__What the exercise asks__:
Please repeat the whole listing exactly, but leave the pictures out.

*** Stored data

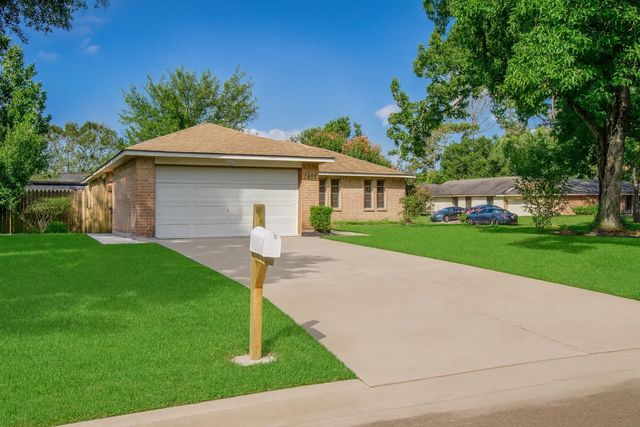 7902 White Swan Drive, Humble, TX 77396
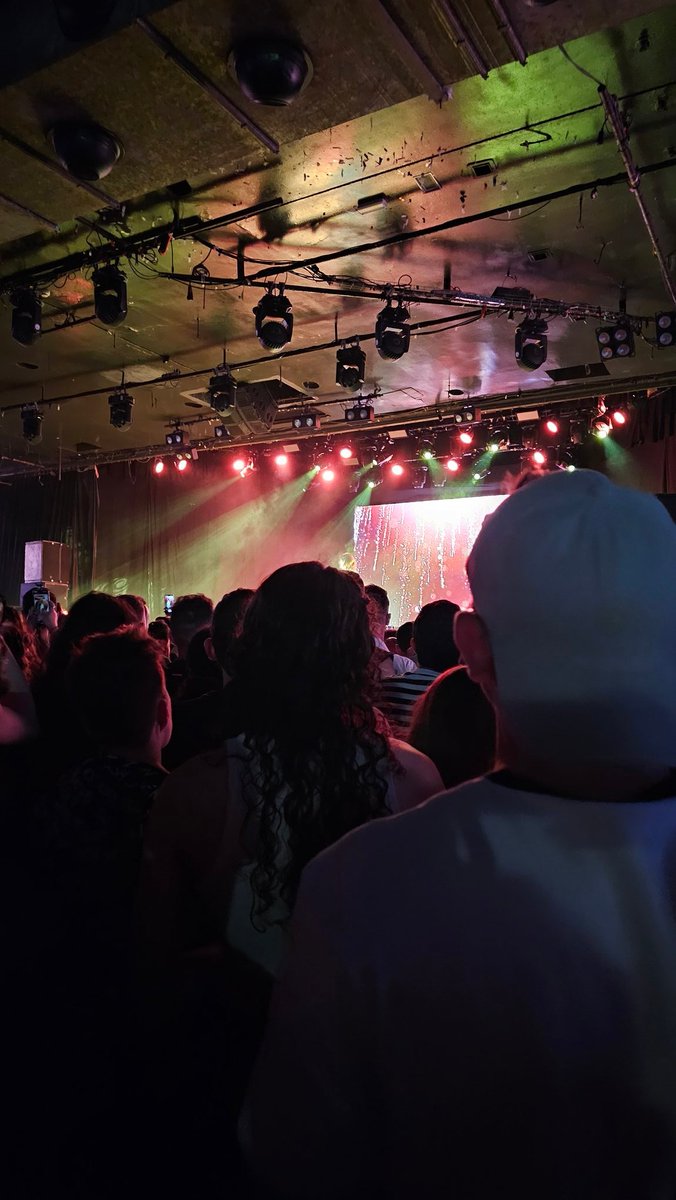 JoshFenix_'s tweet photo. @eurospaincom Más vale que sea en otro sitio, porque en la #PrePartyES25 no se ha visto nada, solo cabezas intentando buscar un hueco por donde ver algo del escenario.

Por 91€ la entrada general ya podríais buscar otro sitio con mejor visibilidad, con el escenario más elevado o gradas. https://t.co/5Y0Q5Z8beV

******

__Worked solution__:
 7902 White Swan Drive, Humble, TX 77396
 JoshFenix_'s tweet photo. @eurospaincom Más vale que sea en otro sitio, porque en la #PrePartyES25 no se ha visto nada, solo cabezas intentando buscar un hueco por donde ver algo del escenario.

Por 91€ la entrada general ya podríais buscar otro sitio con mejor visibilidad, con el escenario más elevado o gradas. https://t.co/5Y0Q5Z8beV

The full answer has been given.